謎の邸宅
覆面パトカーが到着した。そこは広い庭を持つ邸宅だった。
「さっさと来い!」
「もたもたすんな!」
明らかに警察署ではない場所に連行されても、次郎には状況が理解できない。そもそも逮捕状だの殺人教唆だの言われても理解できていないのだから。
連れていかれたのは物置きのような狭い一室。古びたテーブルが一つだけ置かれている。
「さあ吐け! お前がやったんだろう! そうだな!」
「いいからさっさとこれにサインしろ! そしたら帰してやるぞ!」
それはいわゆる供述調書だった。このような場所、このような方法で得た供述調書にどれほどの効力があるものか。
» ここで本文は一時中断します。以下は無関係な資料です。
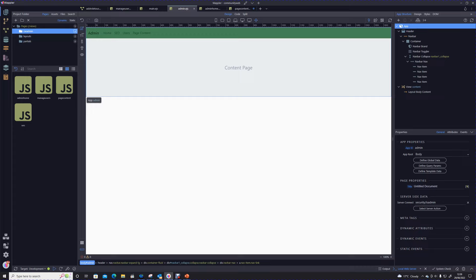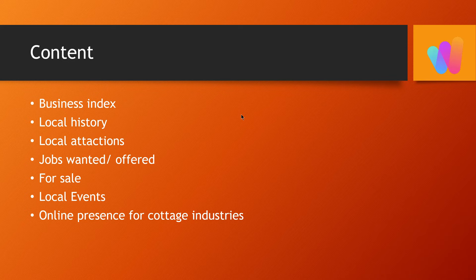Let's look at exactly what we're going to do in terms of creating our page content. Going back to our first module, we discussed what was going to be available on this website: a business index, local history, local attractions, jobs wanted, for sale, local events, and our cottage industries online presence. We'll go through each of them step by step.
だが、次郎はサインをしない。次郎にしては珍しく、ペンを握ろうともしていない。
「反抗的な態度だなぁ? 出来損ないの薄ら馬鹿の分際で!」
「お前サインしないと! こうなっちまうぞ!?」
刑事の一人が机を蹴り飛ばした。壁にぶつかり、大きな音を立てる。もう一人は自分が座っていた椅子を持ち上げて床に叩きつけた。次郎が怯えた表情を見せる。
「あーあー、机がなくなっちまったなぁ? 椅子も壊れちまった。器物損壊って知ってるか? どんどん罪が積み上がるなぁ?」
「おらぁ! お前がやったんだろぉが! 藤崎家の令嬢はそそのかすし椅子はぶち壊すし! お前役立たずのろくでなしだなぁ!」
事態はとうに次郎の理解を超えている。次郎には、ただ怯えて身を震わせることしかできなかった。